Start of RECORDS FOR THE EXERCISE
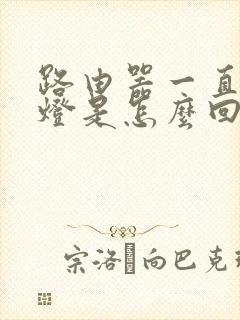 路由器一直亮红灯是怎么回事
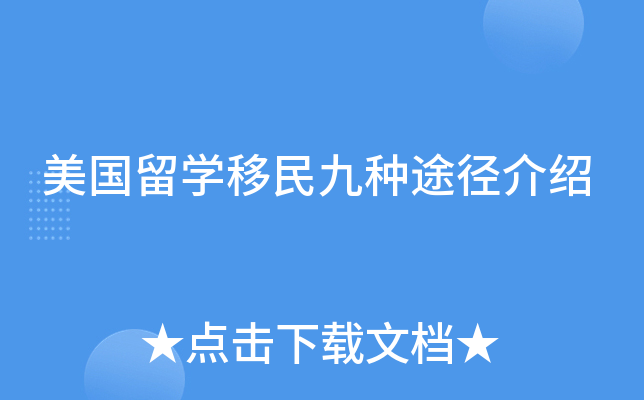 美国留学移民九种途径介绍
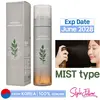 Image de MISSHA Essence apaisante d'Artemisia 120 ml (Type de brouillard) 1pc + Sample Gifts gray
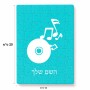 פאזל 80 חלקים בעיצוב אישי עם השם שלך בעיצוב תקליטור - אזור מוזיקה מידות הארנק 14 × 20 ס"מ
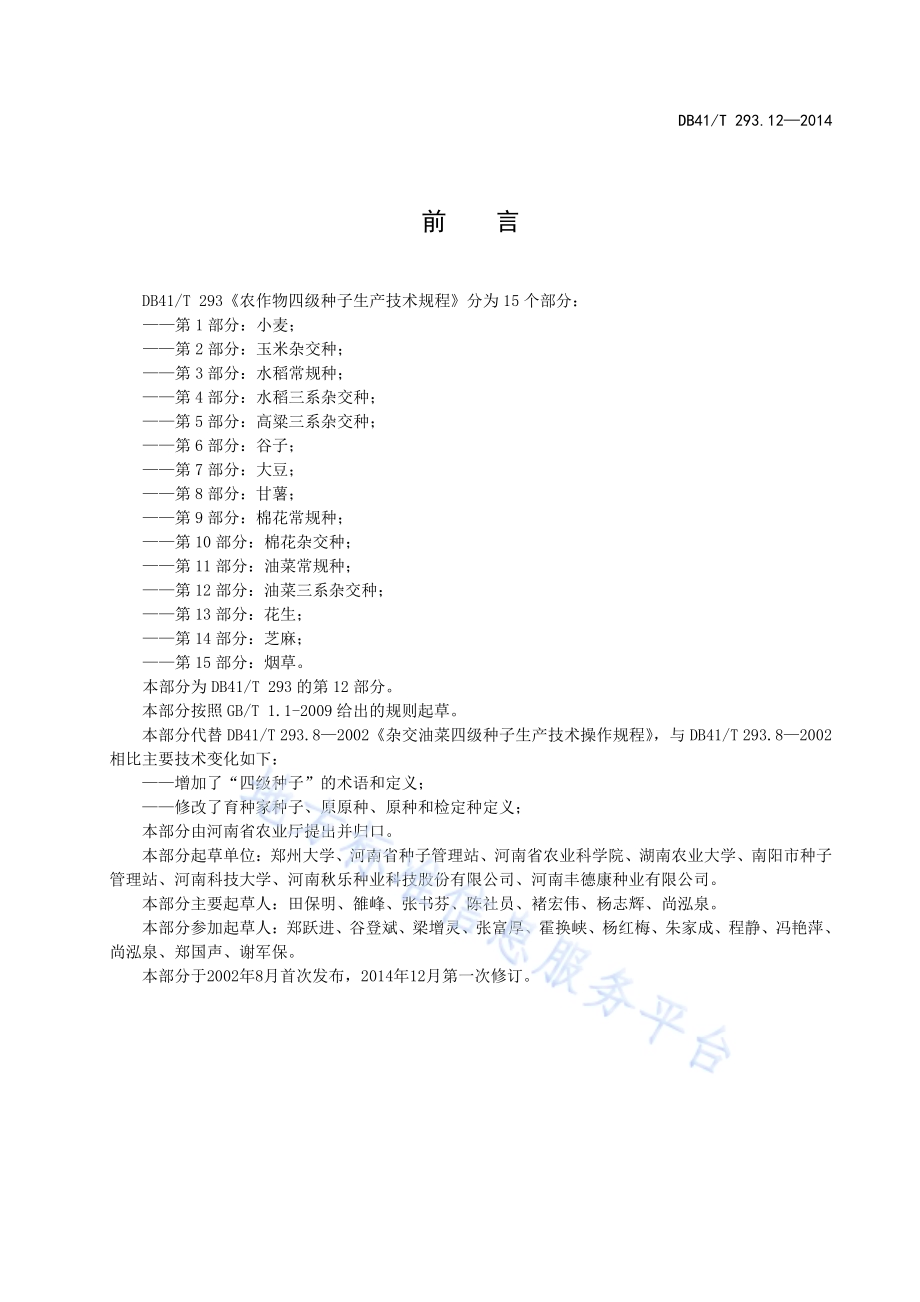 农作物四级种子生产技术规程 第12部分：油菜三系杂交种DB41／T 293.12-2014.pdf_第3页
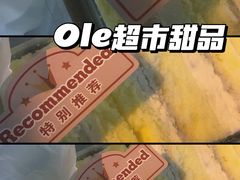 -Olé精品超市(太原万象城店)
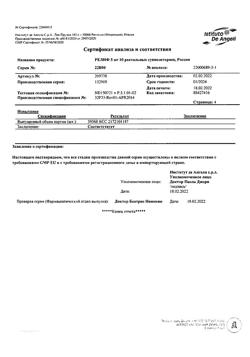 3516-Сертификат Релиф, суппозитории ректальные 5 мг 10 шт-3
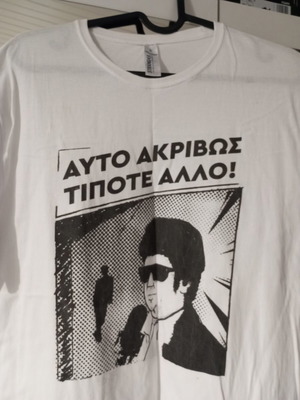 Antiprosopos Edessaikou T-shirt new, large, white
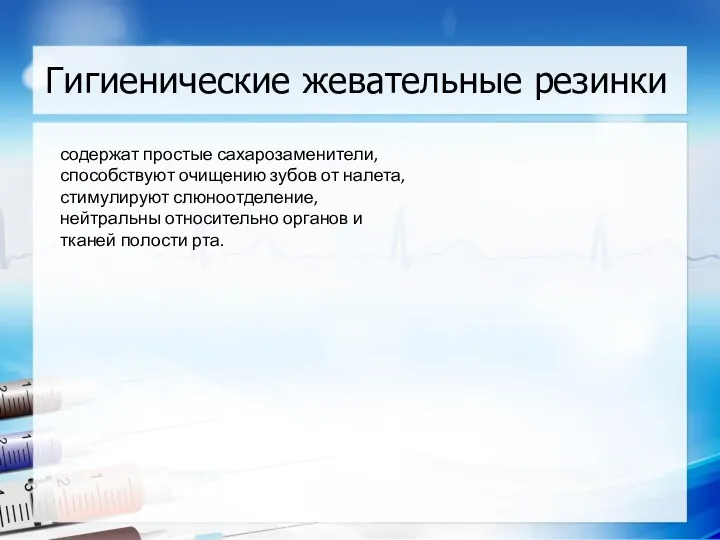 Гигиенические жевательные резинки содержат простые сахарозаменители, способствуют очищению зубов от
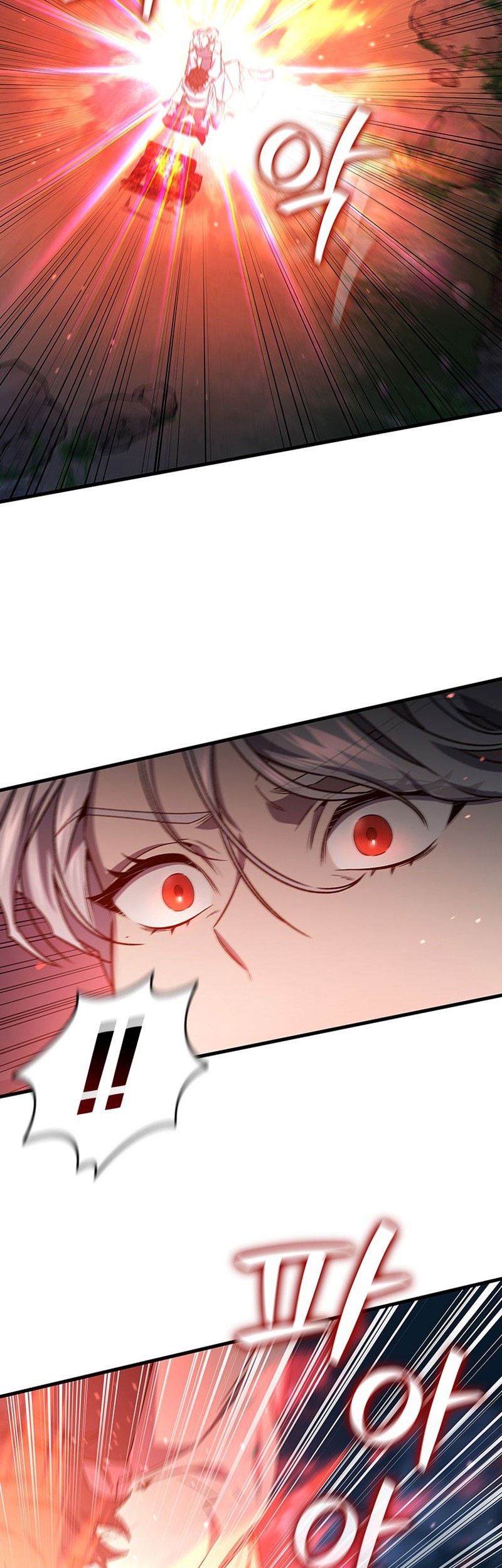 Dragon-Devouring Mage Chapter 17 halaman 8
End of RECORDS FOR THE EXERCISE
Only the lines from the one that holds "פאזל 80 חלקים" through the end of the records above should be printed again, exactly as they are. Leave out the pictures.

REPLY TO THE TASK:
 פאזל 80 חלקים בעיצוב אישי עם השם שלך בעיצוב תקליטור - אזור מוזיקה מידות הארנק 14 × 20 ס"מ
 农作物四级种子生产技术规程 第12部分：油菜三系杂交种DB41／T 293.12-2014.pdf_第3页
 -Olé精品超市(太原万象城店)
 3516-Сертификат Релиф, суппозитории ректальные 5 мг 10 шт-3
 Antiprosopos Edessaikou T-shirt new, large, white
 Гигиенические жевательные резинки содержат простые сахарозаменители, способствуют очищению зубов от
 Dragon-Devouring Mage Chapter 17 halaman 8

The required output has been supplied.